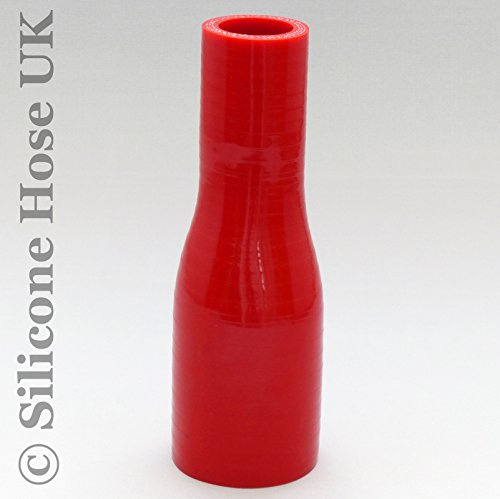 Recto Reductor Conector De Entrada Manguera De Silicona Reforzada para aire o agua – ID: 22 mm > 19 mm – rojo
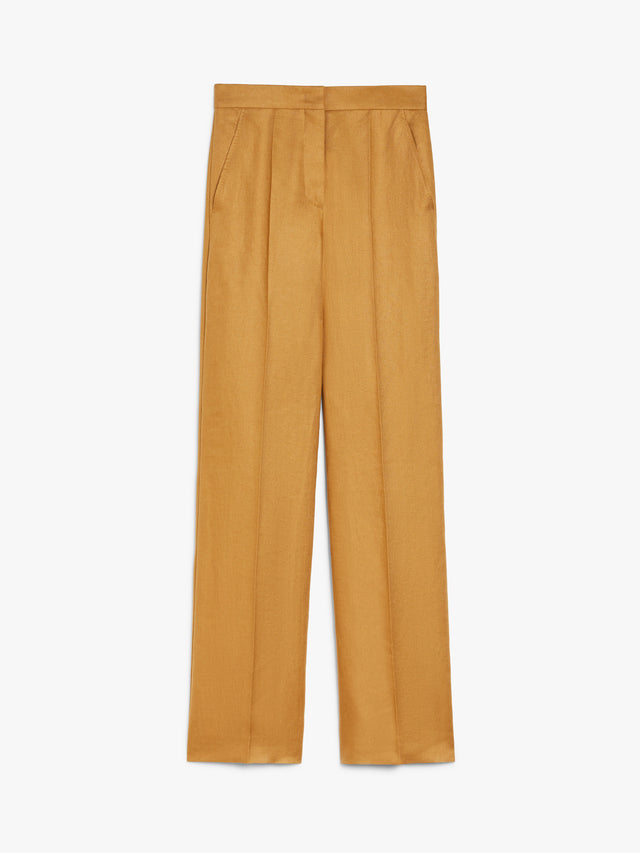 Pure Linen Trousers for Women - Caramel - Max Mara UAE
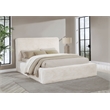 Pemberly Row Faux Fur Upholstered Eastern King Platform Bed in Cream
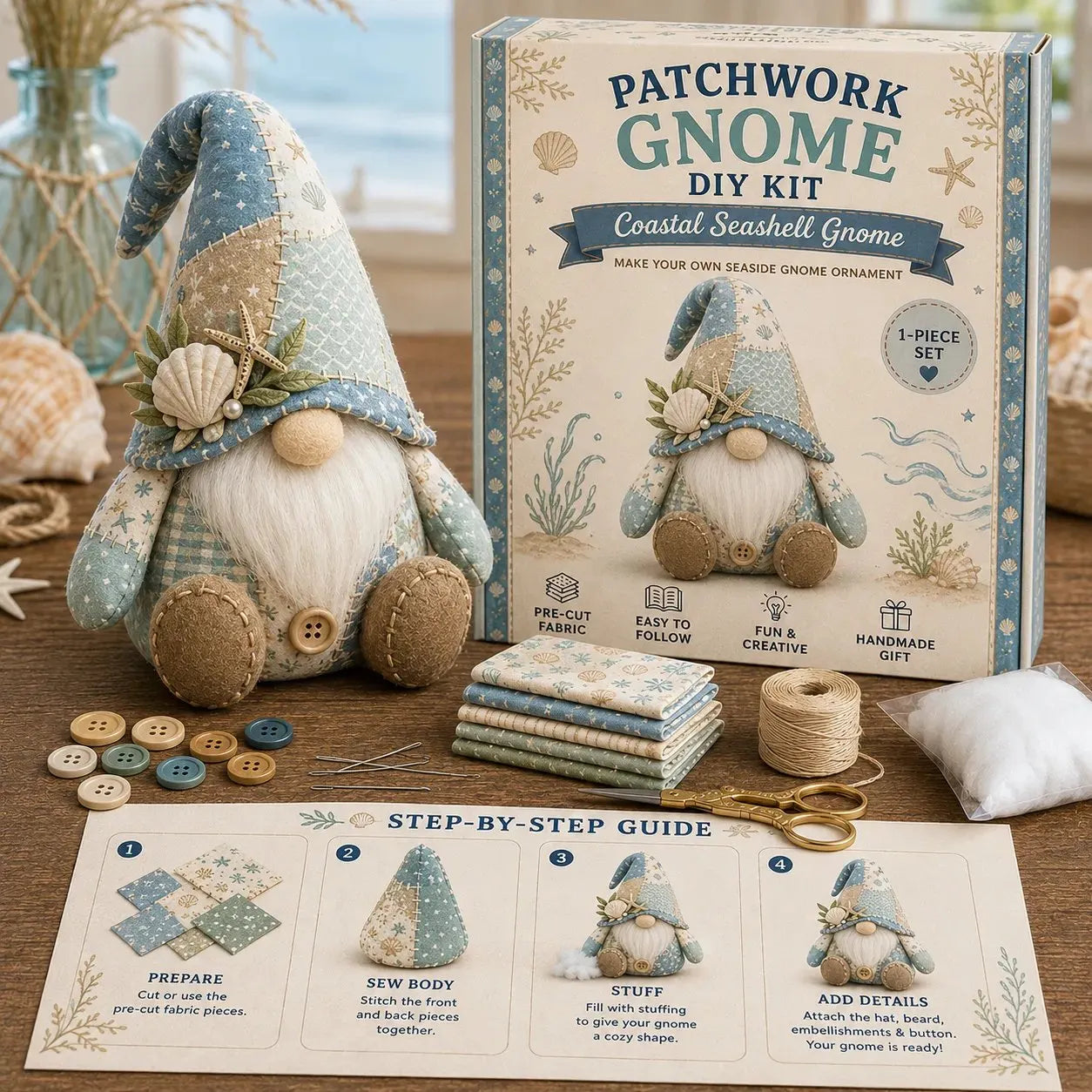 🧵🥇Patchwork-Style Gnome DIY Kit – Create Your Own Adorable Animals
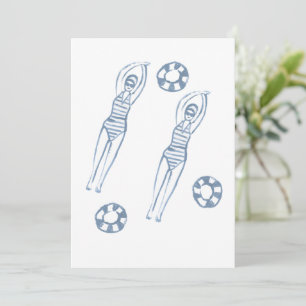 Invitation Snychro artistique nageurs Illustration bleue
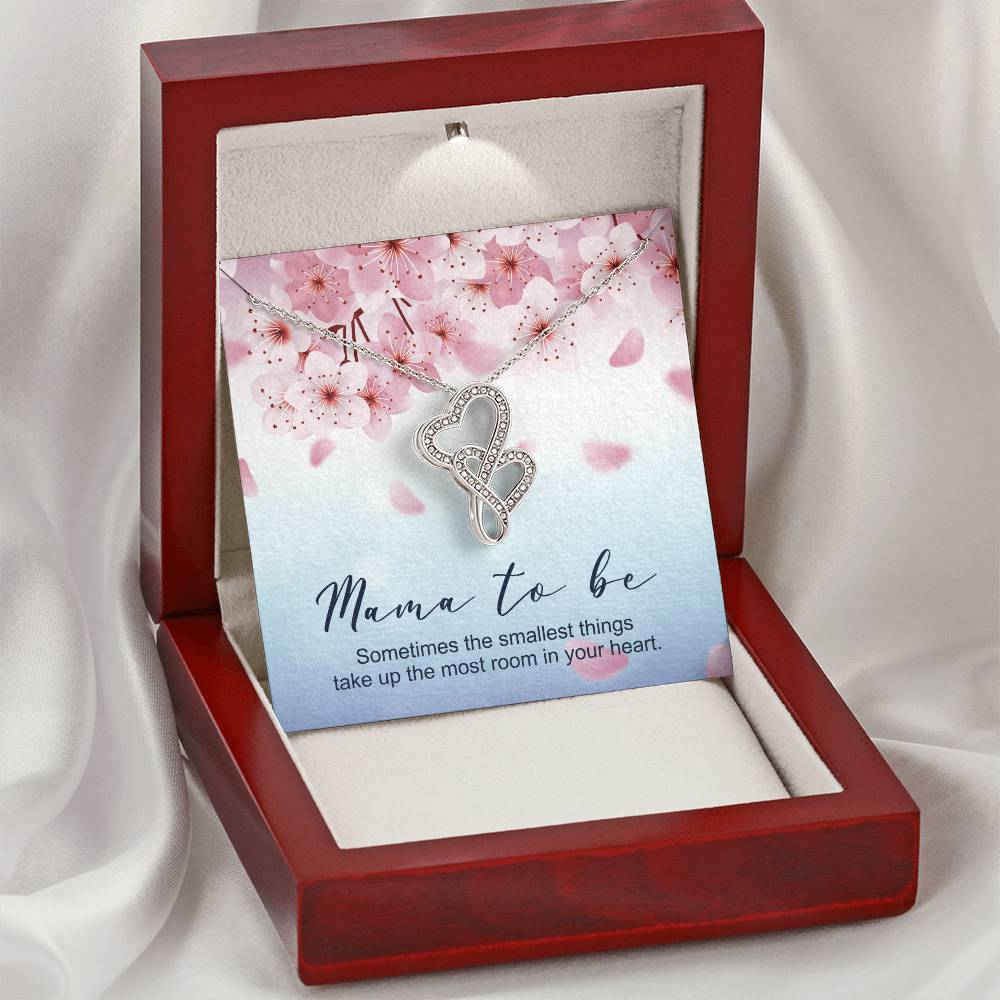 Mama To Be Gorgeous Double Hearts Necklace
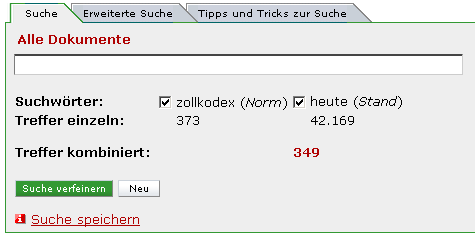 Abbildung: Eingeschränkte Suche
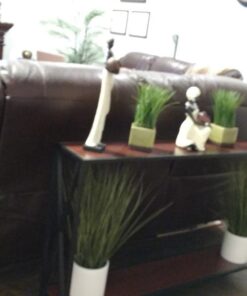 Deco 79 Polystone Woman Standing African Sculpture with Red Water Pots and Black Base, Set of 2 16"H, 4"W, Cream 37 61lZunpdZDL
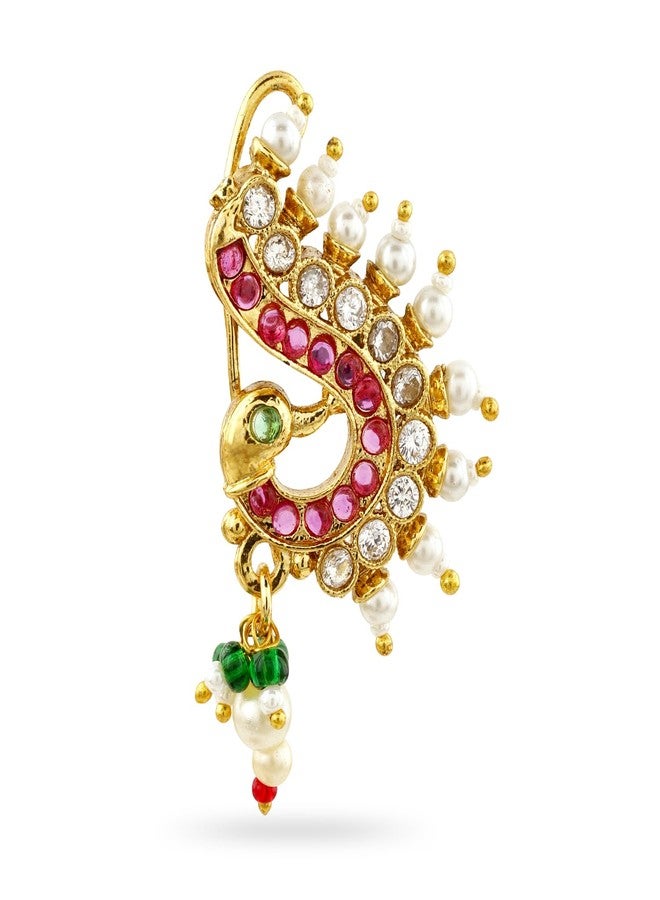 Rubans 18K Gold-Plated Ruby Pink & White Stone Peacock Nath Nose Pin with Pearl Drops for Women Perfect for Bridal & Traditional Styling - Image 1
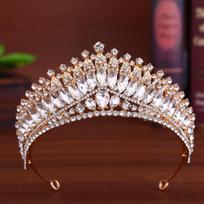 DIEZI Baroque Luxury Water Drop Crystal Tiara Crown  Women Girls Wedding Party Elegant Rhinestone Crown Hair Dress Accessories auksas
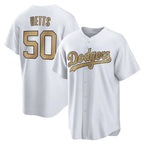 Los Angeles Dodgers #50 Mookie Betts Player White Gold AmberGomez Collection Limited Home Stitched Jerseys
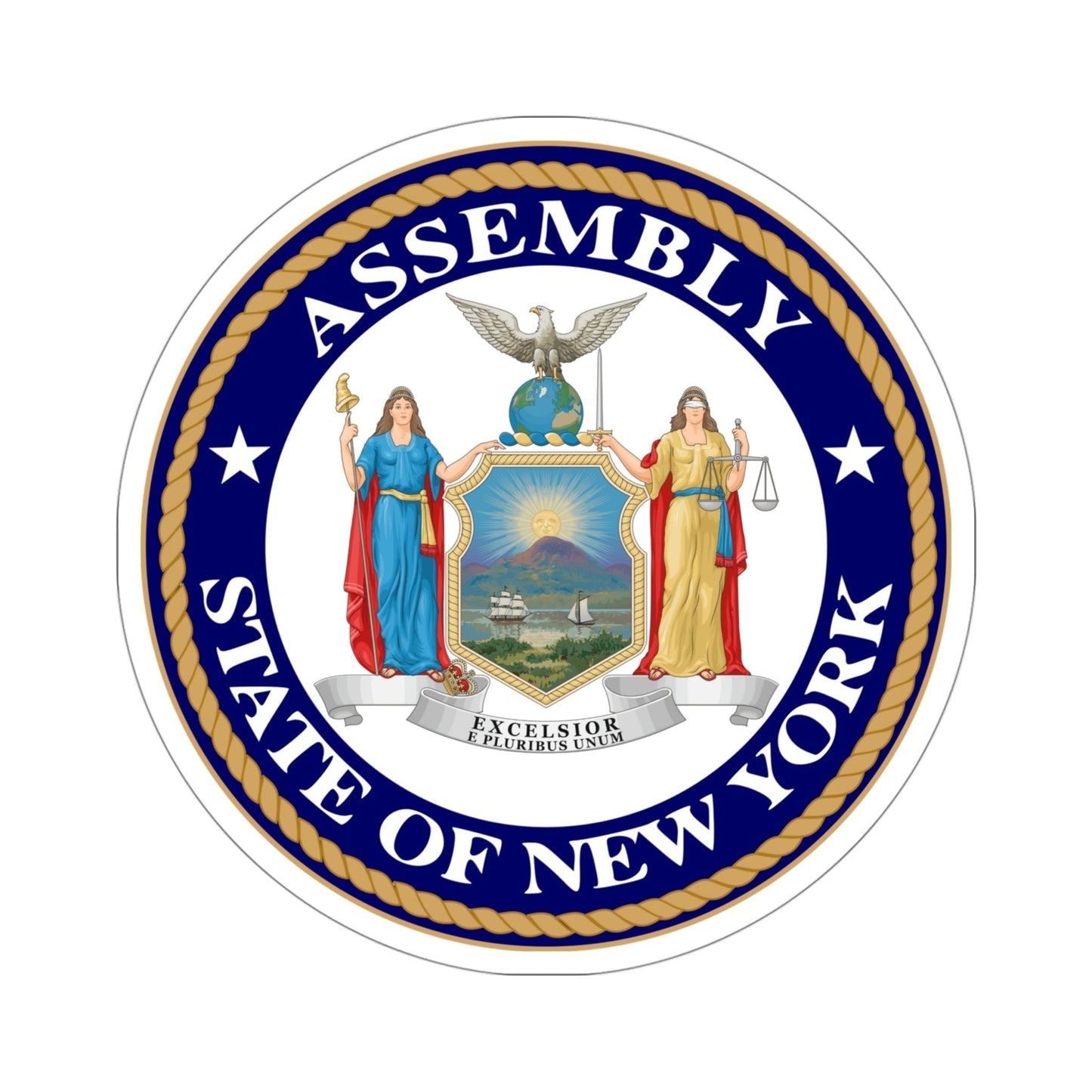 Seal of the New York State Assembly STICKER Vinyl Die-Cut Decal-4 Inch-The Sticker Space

....

Task directions
Write out each line of the data above exactly, starting at the top and finishing with the line containing "Deco 79 Polystone"; omit the pictures.

Response to this task
 Recto Reductor Conector De Entrada Manguera De Silicona Reforzada para aire o agua – ID: 22 mm > 19 mm – rojo
 Pure Linen Trousers for Women - Caramel - Max Mara UAE
 Pemberly Row Faux Fur Upholstered Eastern King Platform Bed in Cream
 🧵🥇Patchwork-Style Gnome DIY Kit – Create Your Own Adorable Animals
 Invitation Snychro artistique nageurs Illustration bleue
 Mama To Be Gorgeous Double Hearts Necklace
 Abbildung: Eingeschränkte Suche
 Deco 79 Polystone Woman Standing African Sculpture with Red Water Pots and Black Base, Set of 2 16"H, 4"W, Cream 37 61lZunpdZDL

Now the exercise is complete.